* _Records_:
Start of Block

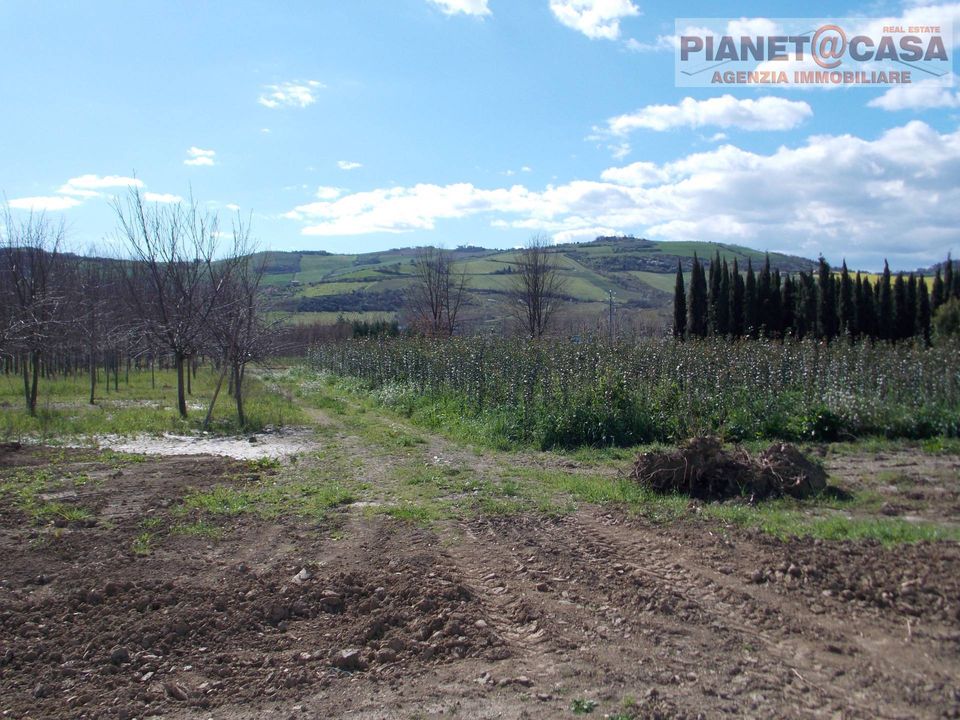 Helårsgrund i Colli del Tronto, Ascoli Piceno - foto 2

End of Block
Start of Block

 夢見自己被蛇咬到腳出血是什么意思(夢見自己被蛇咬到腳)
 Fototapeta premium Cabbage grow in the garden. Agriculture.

End of Block
Start of Block

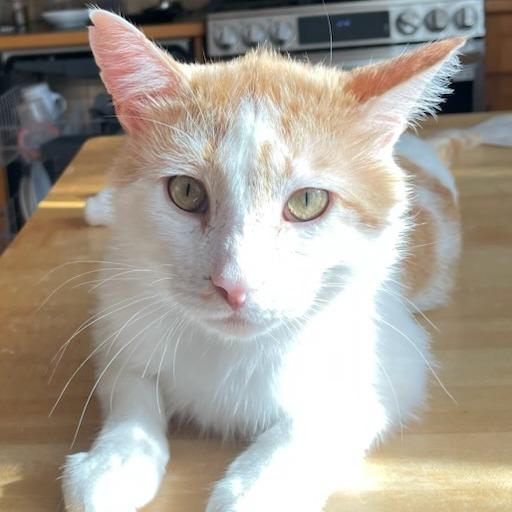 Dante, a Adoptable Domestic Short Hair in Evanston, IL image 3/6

End of Block

* _Task brief_: For this exercise, repeat exactly the lines of the data above from the one with "夢見自己被蛇咬到腳出血是什么意思(夢見自己被蛇咬到腳)" down to the one with "Fototapeta premium Cabbage", both end lines included.

* _Expected output_:
 夢見自己被蛇咬到腳出血是什么意思(夢見自己被蛇咬到腳)
 Fototapeta premium Cabbage grow in the garden. Agriculture.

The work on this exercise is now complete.